The model itself is built on the Gemma 4 26B-A4B MoE backbone: 25.2B total parameters with 3.8B active per token (8 of 128 experts routed per inference step). Quantized, it fits within 18 GB of VRAM — within reach of an RTX 4090 or RTX 5090.

The speed numbers

On a single NVIDIA H100, DiffusionGemma hits over 1100 tokens per second. On an RTX 5090 it reaches 700+ tokens/sec. Compared to its autoregressive counterpart, that’s roughly a 4× throughput improvement. The reason this works is that the diffusion process converts the memory-bandwidth bottleneck into a compute-bound problem — the GPU’s tensor cores have actual work to do across the full token canvas at each denoising step.

The quality tradeoff

The benchmark numbers are honest and Google didn’t try to hide them. Against autoregressive Gemma 4 26B-A4B:

Benchmark	DiffusionGemma	Gemma 4
MMLU Pro	77.6%	82.6%
AIME 2026	69.1%	88.3%
MMMU Pro (vision)	54.3%	73.8%
Codeforces ELO	1429	1718

The gap is real and substantial — nearly 20 points on AIME and almost 300 Codeforces ELO points. For hard reasoning and competitive programming, DiffusionGemma is considerably weaker. Google’s own model card says: for maximum quality, use autoregressive Gemma 4. This model is for latency-sensitive applications where you can accept lower peak accuracy in exchange for raw throughput.

What it might actually be good for is the class of tasks where bidirectional attention matters more than sequential coherence: structured generation, constraint satisfaction, and scenarios where you need a fast first draft and can verify or filter output externally. The Sudoku fine-tuning result — 80% success after reducing inference steps from 48 to 12 — illustrates this: the model’s global context awareness made it easier to specialize for a constraint-heavy task.

Why this matters

Text diffusion has been in research papers for a while but has been slower to arrive in practice than image diffusion. The architecture requires rethinking how generation works at a fundamental level, and the quality gap versus autoregressive models has been a persistent obstacle. DiffusionGemma doesn’t close that gap — but it puts an open-weights, Apache 2.0 licensed, consumer-GPU-runnable text diffusion model in front of anyone who wants to experiment with it. The underlying approach (and the bidirectional attention advantage for constrained generation) is interesting enough that research built on top of it will follow quickly.

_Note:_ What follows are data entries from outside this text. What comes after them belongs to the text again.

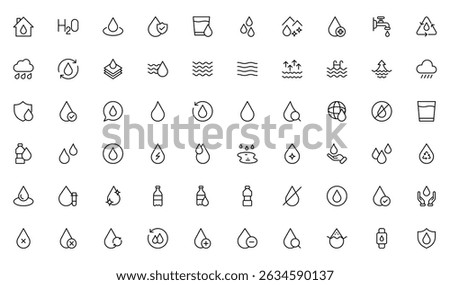 Water line icons set. Water editable stroke icons set. A refreshing collection of icons showcasing water conservation, aquatic life, Water Drop symbol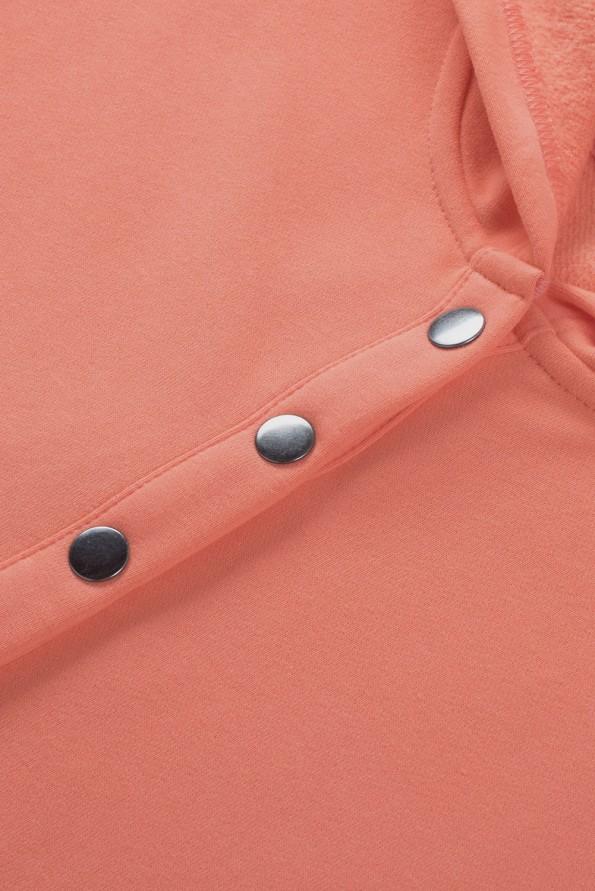 Oranžna majica s kapuco Henley z rokavi in batwingi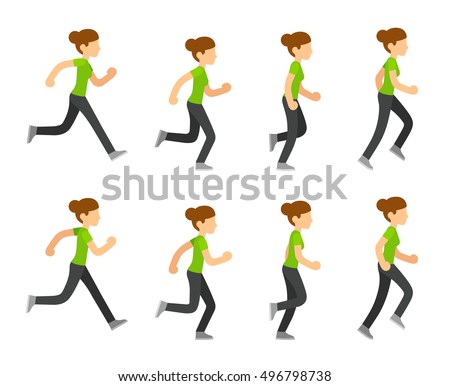 Running woman animation frames set. Flat cartoon vector illustration sequence of jogging female athlete.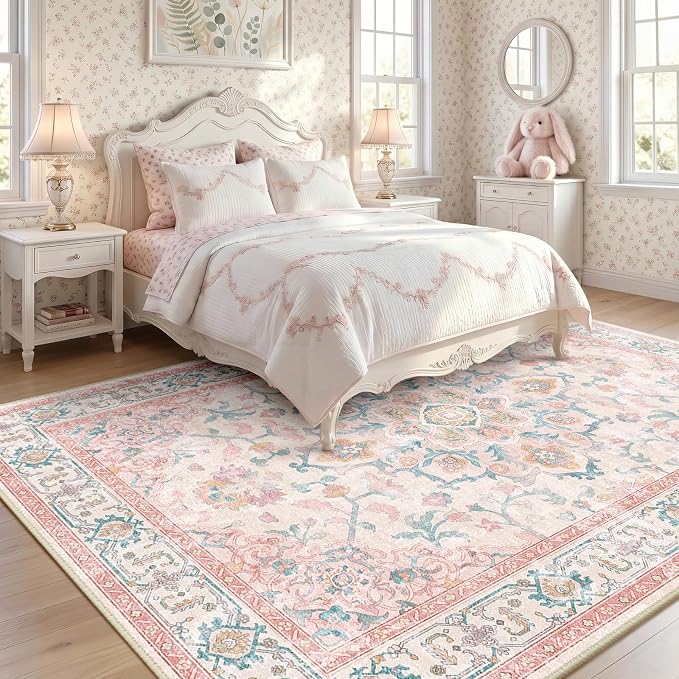 CAPALOCA Machine Washable Rugs Nursery Rug 9x12 Cute Girl Non Slip Low Pile - Image 2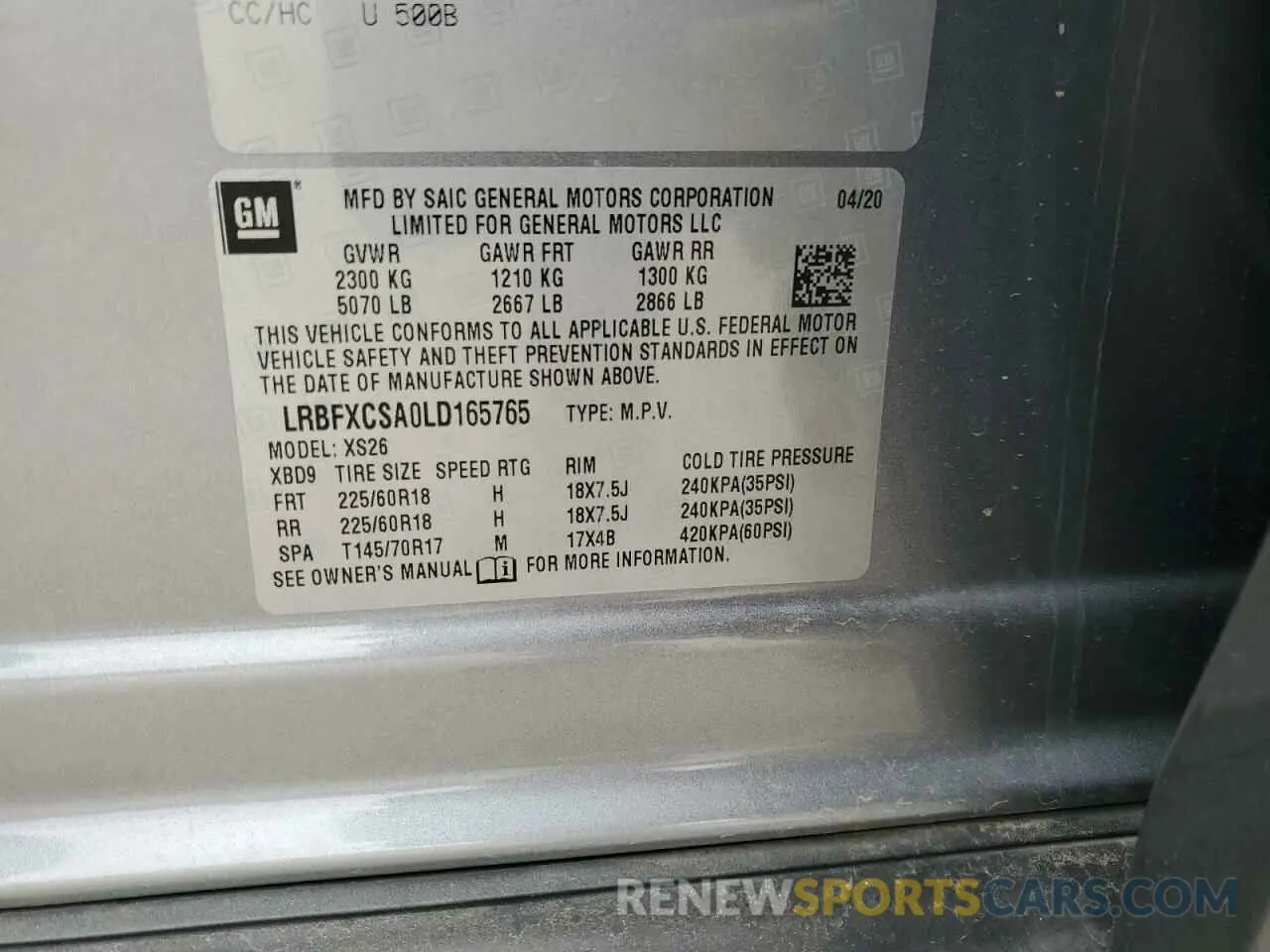 13 Фотография поврежденного автомобиля LRBFXCSA0LD165765 BUICK ENVISION 2020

Whether discrete diffusion ever closes the quality gap enough to challenge autoregressive models at frontier capability levels remains an open question. What’s clear from the benchmark numbers is that we’re not there yet. But having a real production model with documented performance numbers and open weights is a better starting point for that answer than another research paper alone.